The Java language was carefully designed to be relatively easy to understand and work with. James Gosling, its creator, has called it a blue collar language, meaning it was designed for industrial, real world use. In a world where C++ was the de facto standard for OO programming, Java was a big step forward in terms of ease of development, with its lack of pointers and strong type system – to say nothing of its garbage collection. Many classes of common programming errors were removed altogether. However, in the interests of simplicity and clarity, some tradeoffs were made. The language’s detractors today point to problems such as excessive verbosity, the lack of closures, the limited generics, and the checked exceptions.

For some time there has been a lot of exciting alternative languages available on the JVM. Clojure is a Lisp dialect. Scala, the only non-Java JVM language I have used extensively, mixes the functional and object oriented paradigms. Languages like JPython and JRuby basically exist to allow scripting and interoperability with popular scripting languages on the JVM.

Today it seems as if the JVM and the standardized libraries will be Java’s most prominent legacy. The language itself will not go away for a long time either – considering that many companies still maintain or develop in languages like Cobol and Fortran, we will probably be maintaining Java code 30 years from now (what a sad thought!), but newer and more modern JVM languages will probably take turns being number one. The JVM and the libraries guarantee that we will be able to mix them relatively easily anyway, unless they stray too far from the standard with their custom features.

So in hindsight, developing this intermediate layer, this virtual machine – and disseminating it so widely –  was a stroke of genius. Will it be that in future programming models we have even more standardized middle layers, and not just one?

Meanwhile, there’s a lot of debate about the process being used to shape and define Java.
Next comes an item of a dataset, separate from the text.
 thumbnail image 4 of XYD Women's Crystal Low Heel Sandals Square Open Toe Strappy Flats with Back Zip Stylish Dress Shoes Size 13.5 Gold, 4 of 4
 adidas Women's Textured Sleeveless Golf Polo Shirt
For a long time, Sun employed something called the Java Community Process, JCP, which was supposed to ensure openness. Some people proclaim that the openness has ended. To take one example, very recently, Sun announced that there will be support for closures in Java 7, after first announcing that there would be no support for closures in Java 7. The process by which this decision has been managed has been described as not being a community effort. Some aspects of Java are definitely up in the air these days.
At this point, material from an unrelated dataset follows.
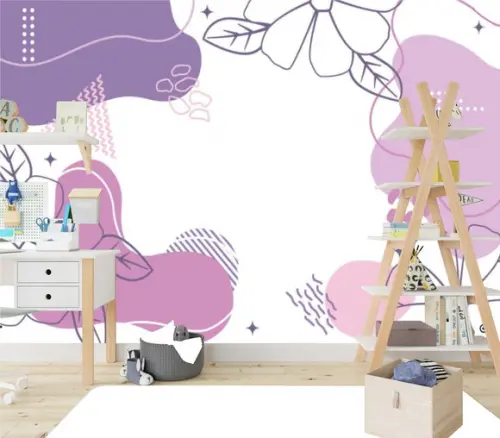 Papel de Parede Adesivo Floral Minimalista Baby Infantil M²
Programming languages are about people

Programming languages are more about people and less about machines.

Programming languages are about staying inside the limitations of people’s minds and their ability to keep track of and work with abstractions. If people had no such limitations, they could code in assembly language all the time.

Programming languages and supporting tools and environments are the interface between people and the raw instruction set of a computer (or a bigger entity, like a network of computers). When we design programming languages, we must take into account not only what the machine environment will do and how it changes, but also how people create the software, how they modify it, how they think about it. Maybe programming languages should even be designed with business processes in mind, in some cases.

But this is also a question of what kind of programmer we want to cultivate. The language shapes the programmer, too.

Scala and actors

Programming with actors was a new concept to me until I tried it out in Scala. It’s appears to be one of Scala’s most celebrated features, judging by the official blurb. Actors was a daunting word at first but it really ends up being a very simple concept.

Actors are a programming model for concurrent programming. With conventional mutex/monitor based programming in Java, say, programmers hold and release locks (the synchronized keyword) to achieve safe concurrency. Condition variables are used for thread communication (the wait and notify family of functions on java.lang.Object). Communication is synchronous: a typical case would be that you change some condition, invoke notifyAll to wake up threads waiting on that condition, and then they can take over the relevant lock and proceed to do some processing.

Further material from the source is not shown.